A Nodejs module facilitating querying Elasticsearch clusters.
- disclaimer
- installation
- usage
After experiencing a lot of issues due to the way Elasticsearch handles the queries, I decided to create this helper currently used on production level that had helped us to drastically improve the readability and flexibility of our code.
With this helper you will be able to query your Elasticsearch clusters very easily. Everything is chainable and the query always returns a promise.
Even if we use this on production level, we still find bugs and add improvements to the module codebase. Feel free to fork it and modify it for your own needs.
npm install --save elasticsearch-helper
const ES = require("elasticsearch-helper")
// Will create a default client
ES.addClient("127.0.0.1:9200");
// Will create a client with name "client1"

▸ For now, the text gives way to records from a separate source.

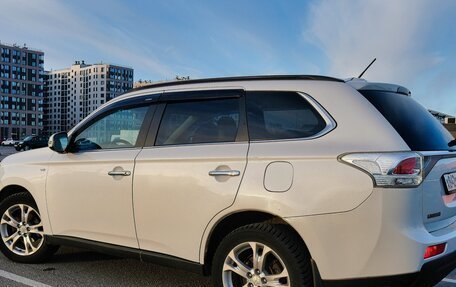 Mitsubishi Outlander III рестайлинг 3, 2014 год, 2 100 000 рублей, 32 фотография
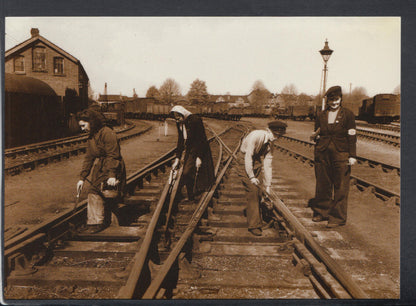 History Postcard: WW1 Women Maintaining The Railway Track, Wartime 1943 -RR23720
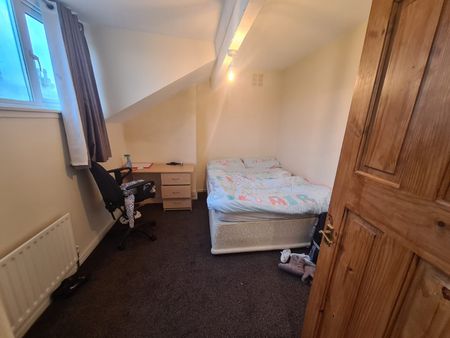 3 Bed - 29 Harold Place, Hyde Park, Leeds - LS6 1PQ - Student - Photo 4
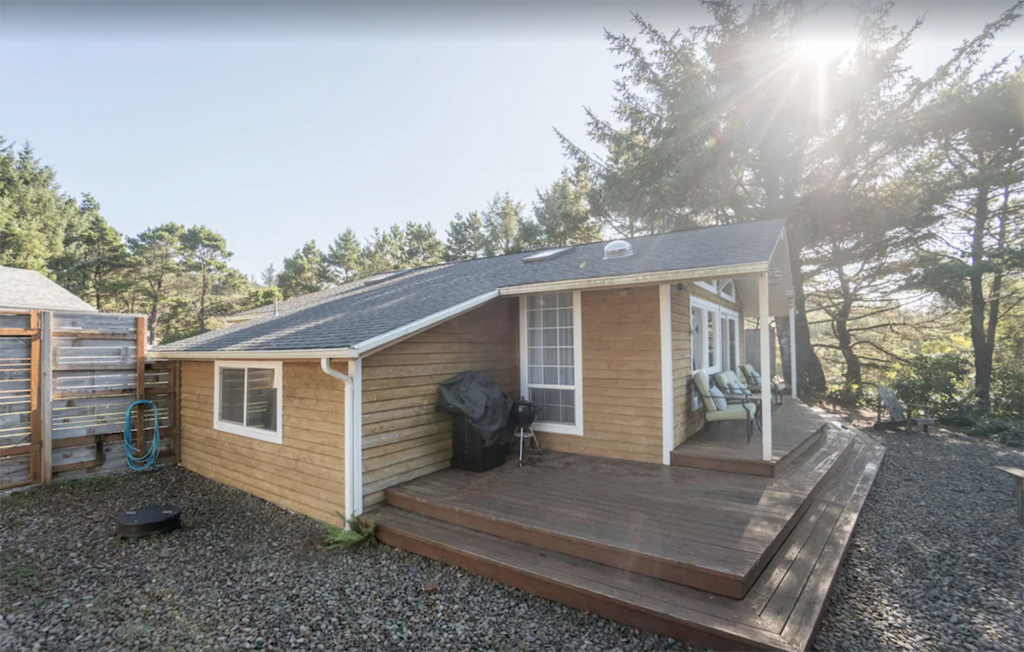 exterior of a beachy cabin in Oregon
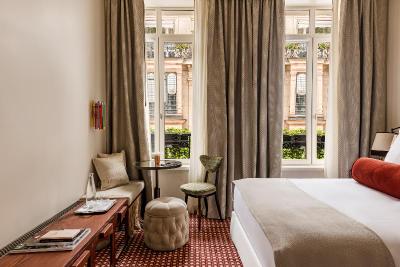 Chateau des Fleurs-Paris Champs Elysees
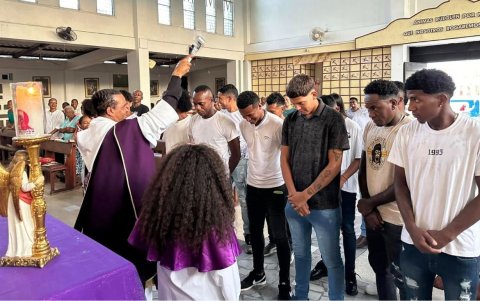 Los jugadores del 22 de Julio FC asistieron a una misa.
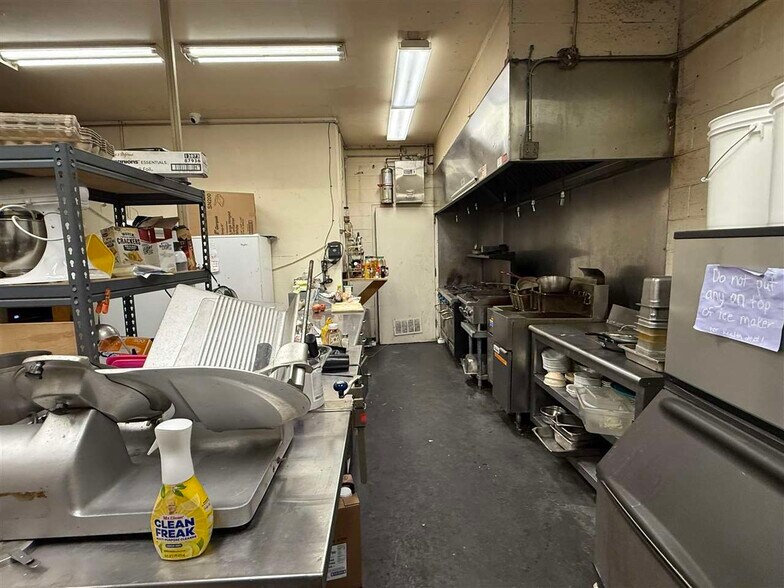 More Photos Of 901 2nd St, Coralville Office For Lease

ES.addClient("client1","127.0.0.1:9200");
// Will create a client with name "client1" and will be used as default
ES.addClient("client1","127.0.0.1:9200",true);
// Alias:
ES.AddClient(...)
NOTE: If host is added without http or https it will assume it is http
// Return an array of all indexes in a cluster
ES.indexes("[Client name]")
The client is chainable which means that you can call functions one after the other until you execute the query. The query is then returning a promise.
Initialise a query:
// Querying on index "Index1"
ES.query("Index1");
// Querying on all indexes starting with "Index"
ES.query("Index*");
// Querying on index "Index1"
ES.query("Index1");
// Querying on index "Index1" using the client "Client1"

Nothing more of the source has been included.